Data for the task
──────

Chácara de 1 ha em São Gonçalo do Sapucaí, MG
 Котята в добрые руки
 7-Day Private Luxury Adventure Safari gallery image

──────

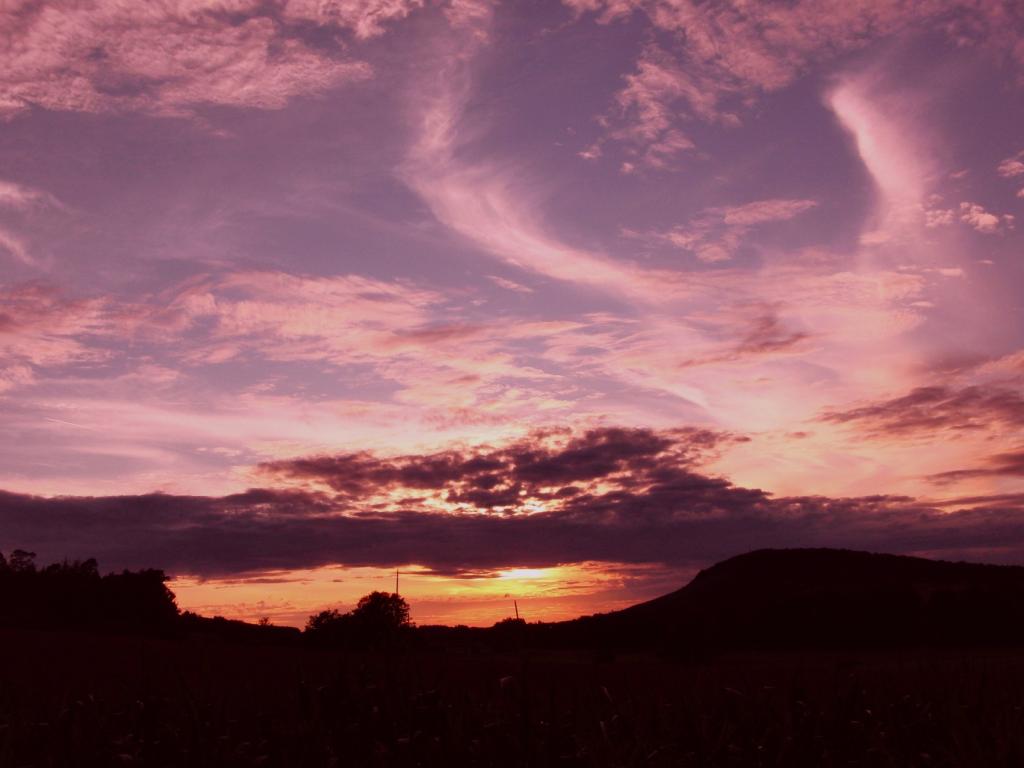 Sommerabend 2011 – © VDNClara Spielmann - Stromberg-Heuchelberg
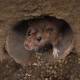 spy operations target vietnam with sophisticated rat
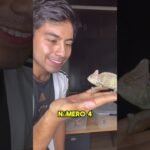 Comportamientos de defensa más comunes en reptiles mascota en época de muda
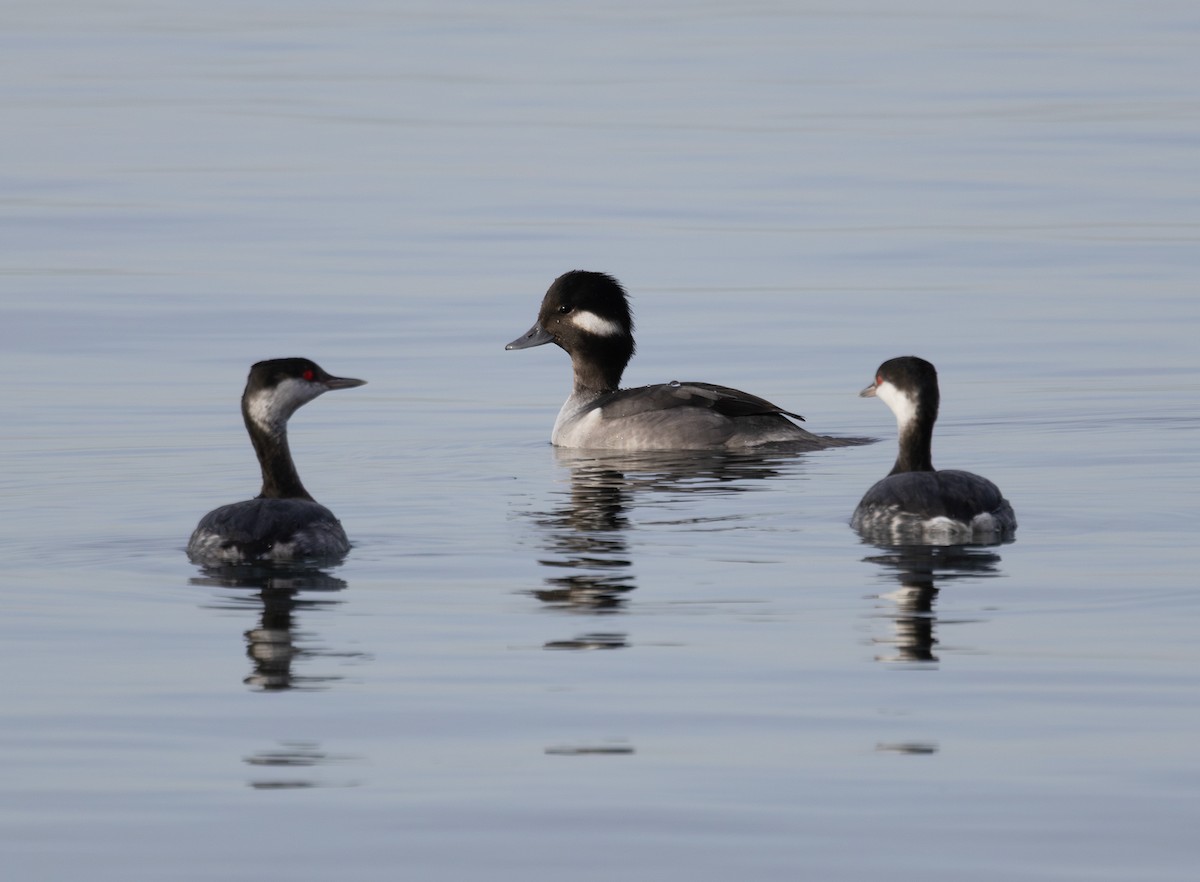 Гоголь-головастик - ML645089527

──────

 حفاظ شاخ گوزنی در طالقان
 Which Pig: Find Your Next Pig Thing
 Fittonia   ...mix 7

──────

Directions
What you return must be an exact retyping of the lines above starting at the line with "Chácara de 1 ha em São Gonçalo do Sapucaí, MG" and ending at the line with "7-Day Private Luxury", and nothing besides.

Answer for the task
Chácara de 1 ha em São Gonçalo do Sapucaí, MG
 Котята в добрые руки
 7-Day Private Luxury Adventure Safari gallery image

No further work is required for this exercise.